General rules of construction assume and presume that the legislature acted in a constitutional manner. See Clements v. Fashing, 457 U.S. 957, 963, 102 S.Ct. 2836, 2843-44, 73 L.Ed.2d 508 (1982) (plurality op.); Texas Pub. Bldg. Auth. v. Mattox, 686 S.W.2d 924, 927 (Tex.1985). Further, when the legislature enacts a law that affects a general class of persons, those persons have received procedural due process by the legislative process itself. See United States v. LULAC, 793 F.2d 636, 648 (5th Cir.1986). When the legislature enacts a statute, it thereby provides constructive notice of the statute’s provisions. See Regal Properties v. Donovitz, 479 S.W.2d 748, 750-51 (Tex.Civ.App.-Dallas 1972, writ ref’d n.r.e.). Accordingly, the testator was charged with notice of the Act. He could have avoided substitution of fiduciaries by so providing in his will. Because he did not amend his will to prohibit substitution, he effectively allowed substitution under the Act. In fact, the will’s language shows the testator contemplated the possibility of successor fiduciaries.
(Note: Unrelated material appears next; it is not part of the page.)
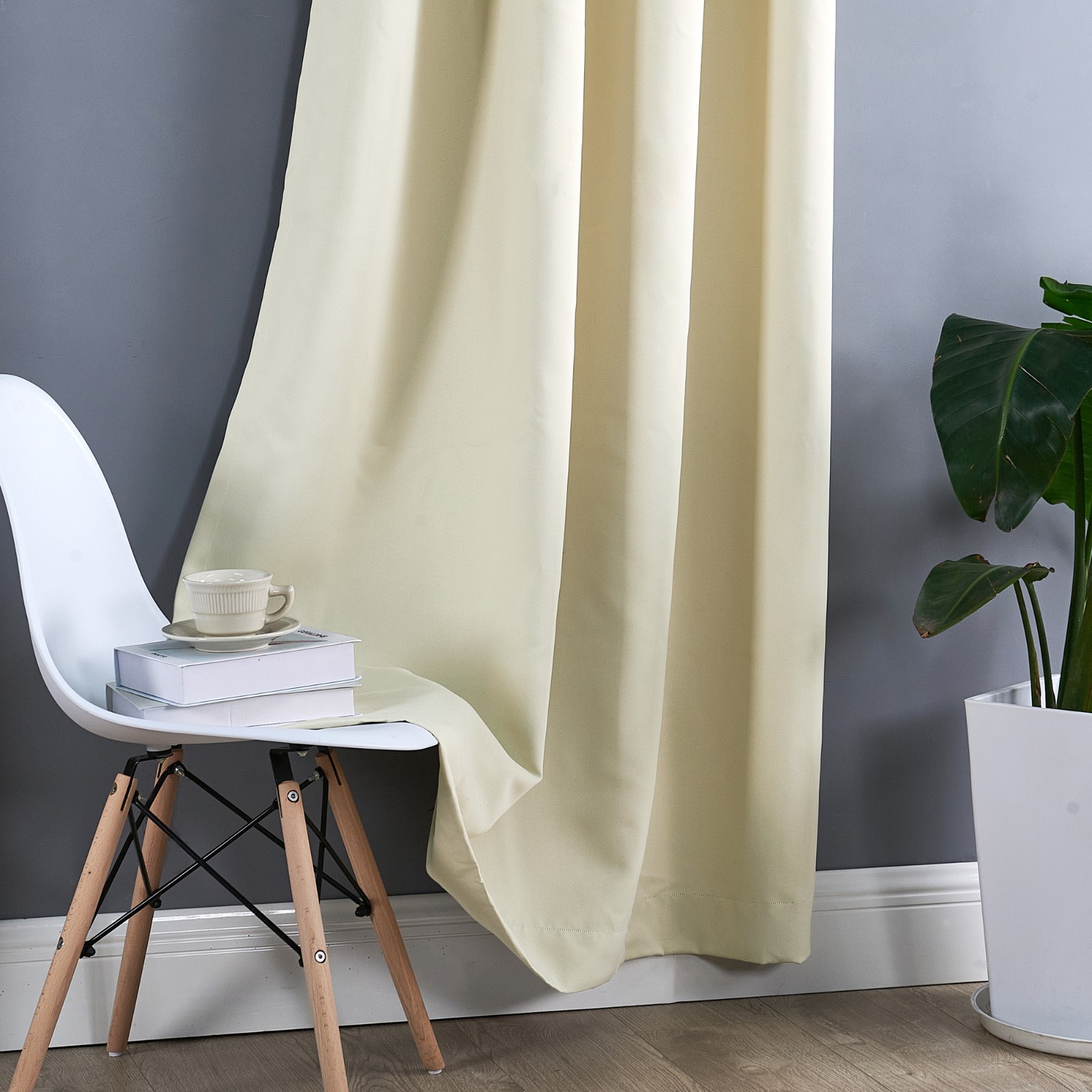 Heavy Thick Solid Grommet Panel Window Curtain Drapes Blackout 2 PC & 2 Tiebacks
The statute has been held to be constitutional. In re Estate of Touring, 775 S.W.2d 39 (Tex.App.—Houston [14th Dist.] 1989, no writ).
We overrule Bank One’s .points of error. We affirm the judgment of the probate court.
. Bank One’s points of error:
1. The trial court erred ⅛ granting Ameri-trust’s motion for summary judgment.
2. The trial court erred in denying Bank One’s motion for summary judgment.
(a) The necessary affiliation required by the Act does not exist to allow Ameritrust to act as fiduciary in this case.
*519(b) Ameritrust cannot satisfy the specific requirements of the Act regarding prospective fiduciary appointments.
(c) Sections 2(d) and (e) of the Act cannot be construed to effect a substitution of Ameritrust as executor for MBank Dallas.
(d) Ameritrust could not accomplish substitution of prospective accounts under the provisions of the Act governing general transfers.
(e) If Ameritrust is substituted for MBank Dallas under the terms of the Act as written, the Act is unconstitutional under both the United States Constitution and the Texas Constitution.
(f)Construction of the Act to provide for automatic substitution of Ameritrust to prospective accounts on the effective date of the substitution agreement interferes with the FDIC’s ability to transfer unmatured accounts under the Bridge Bank Statute, 12 U.S.C. § 1821(n) and the purchase and assumption agreement transactions between FDIC, as receiver, and the various MBanks, and is preempted by federal law.
. “For a testament is of force after men are dead: otherwise it is of no strength at all while the testator liveth.” Hebrews 9:17 (King James).